These days I am back to cooking soups, such a good dish for fall, lots of vegetables, but warm. Currently, I prefer simple soups, like parsnip soup or chickpea soup. Nothing fancy with many, many ingredients, but a soup with one star: the main ingredient. Chickpea soup needs a bit more finesse than parsnip soup, which already has the distinct flavor and aroma of parsnips, but chickpeas can be more bland. The basic ingredients of this soup support the chickpeas and the turmeric and coconut milk give it a wonderful kick without overpowering the chickpeas. An elegant, everyday soup.

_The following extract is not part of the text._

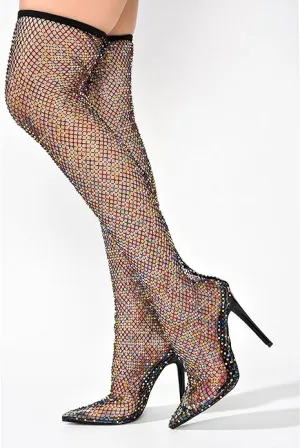 Sexy Black Multicolor Rhinestone Crystal Mesh Thigh Boots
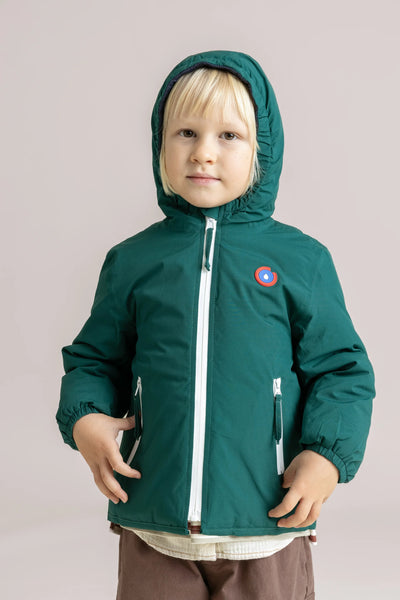 Chaligny - Children's reversible down jacket - Flotte #couleur_sapin-indigo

Creamy Chickpea Coconut Soup
(serves 3-4 as an appetizer)
- 1/2 sweet onion, peeled, diced
- 2 large garlic cloves, peeled and grated
- 1/2 TB olive oil
- 1 medium sized potato, peeled, cubed
- a thin slice of celeriac, peeled and diced
- about 2 cans of garbanzo beans, rinsed or 3 cups of cooked chickpeas (+ extra for texture)
- 1 bay leaf
- 1/4 teaspoon turmeric
- half can of coconut milk
- 750ml of chicken bouillon
- fresh ground pepper
- 2 TB nutritional yeast
- dried thyme
Saute the onion, garlic, potato, celeriac until the onion is translucent (ca. 2-3min)
Add the chickpeas, bay leaf, turmeric and the broth. Stir, close with a lid, and simmer for 30min.
Puree with an immersion blender.
Add ground pepper, nutritional yeast, thyme and the coconut milk. Stir again, and heat through.
Ass more cooked chickpeas for texture.